> Task statement: Return the entries below verbatim. Pictures stay out.

> Supplied records:
—————

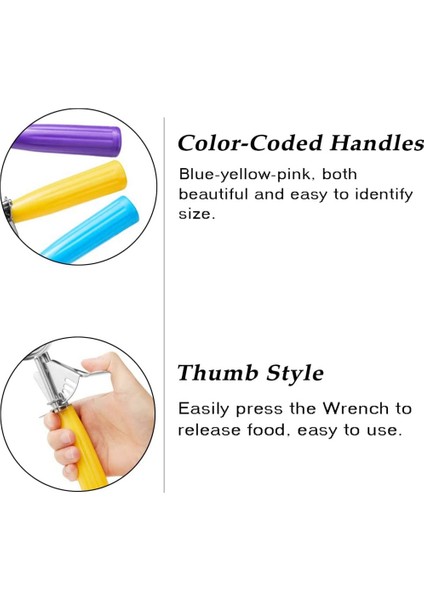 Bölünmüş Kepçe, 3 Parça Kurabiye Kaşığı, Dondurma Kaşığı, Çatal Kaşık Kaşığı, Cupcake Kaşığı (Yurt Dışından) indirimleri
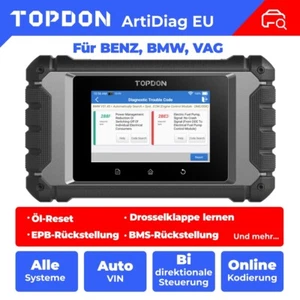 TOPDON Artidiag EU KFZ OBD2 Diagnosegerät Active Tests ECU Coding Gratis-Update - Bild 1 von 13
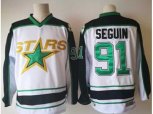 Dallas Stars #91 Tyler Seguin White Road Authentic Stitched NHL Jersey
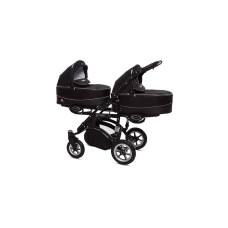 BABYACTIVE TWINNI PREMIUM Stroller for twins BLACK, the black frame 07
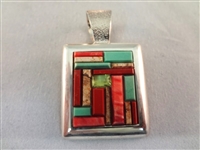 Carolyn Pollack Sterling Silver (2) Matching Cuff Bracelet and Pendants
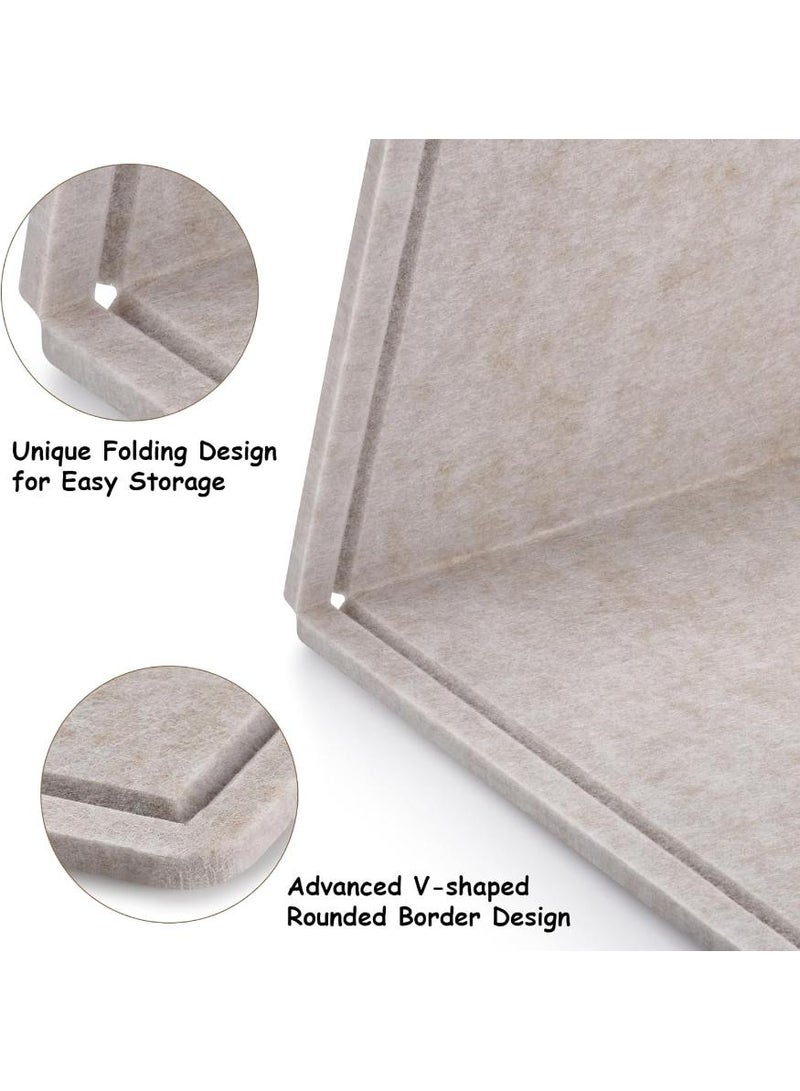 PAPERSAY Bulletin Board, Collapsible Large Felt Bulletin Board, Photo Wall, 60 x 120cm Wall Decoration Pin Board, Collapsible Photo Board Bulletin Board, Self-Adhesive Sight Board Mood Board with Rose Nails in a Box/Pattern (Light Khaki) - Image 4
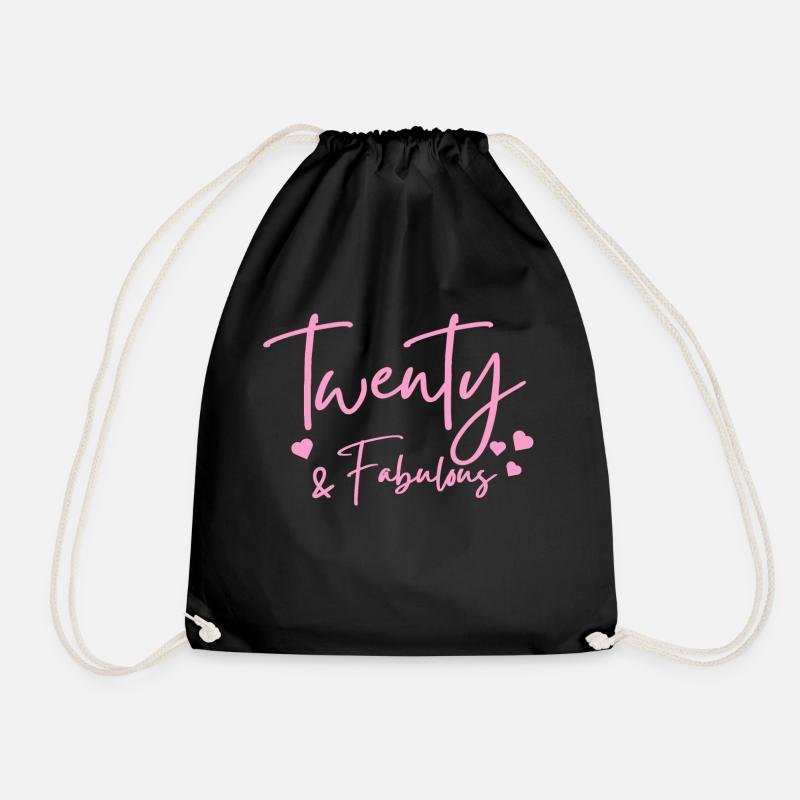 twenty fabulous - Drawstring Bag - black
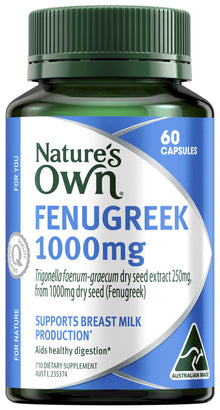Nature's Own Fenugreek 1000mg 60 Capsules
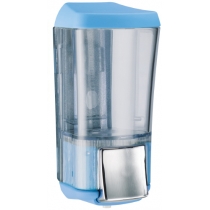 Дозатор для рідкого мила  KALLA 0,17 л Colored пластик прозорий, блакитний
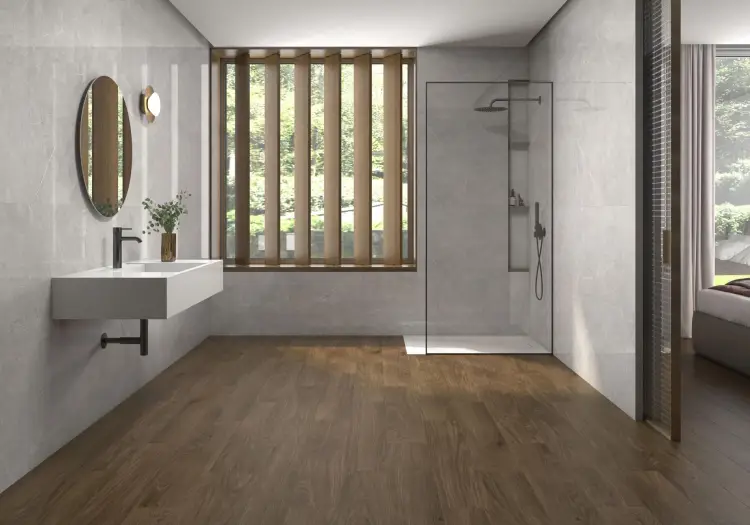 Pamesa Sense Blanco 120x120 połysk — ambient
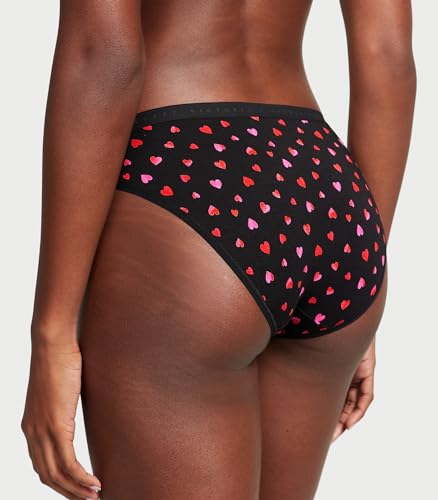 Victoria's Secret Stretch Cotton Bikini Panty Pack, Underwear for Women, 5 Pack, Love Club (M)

—————

> Exercise output:
 Bölünmüş Kepçe, 3 Parça Kurabiye Kaşığı, Dondurma Kaşığı, Çatal Kaşık Kaşığı, Cupcake Kaşığı (Yurt Dışından) indirimleri
 TOPDON Artidiag EU KFZ OBD2 Diagnosegerät Active Tests ECU Coding Gratis-Update - Bild 1 von 13
 Dallas Stars #91 Tyler Seguin White Road Authentic Stitched NHL Jersey
 BABYACTIVE TWINNI PREMIUM Stroller for twins BLACK, the black frame 07
 Carolyn Pollack Sterling Silver (2) Matching Cuff Bracelet and Pendants
 PAPERSAY Bulletin Board, Collapsible Large Felt Bulletin Board, Photo Wall, 60 x 120cm Wall Decoration Pin Board, Collapsible Photo Board Bulletin Board, Self-Adhesive Sight Board Mood Board with Rose Nails in a Box/Pattern (Light Khaki) - Image 4
 twenty fabulous - Drawstring Bag - black
Nature's Own Fenugreek 1000mg 60 Capsules
 Дозатор для рідкого мила  KALLA 0,17 л Colored пластик прозорий, блакитний
 Pamesa Sense Blanco 120x120 połysk — ambient
 Victoria's Secret Stretch Cotton Bikini Panty Pack, Underwear for Women, 5 Pack, Love Club (M)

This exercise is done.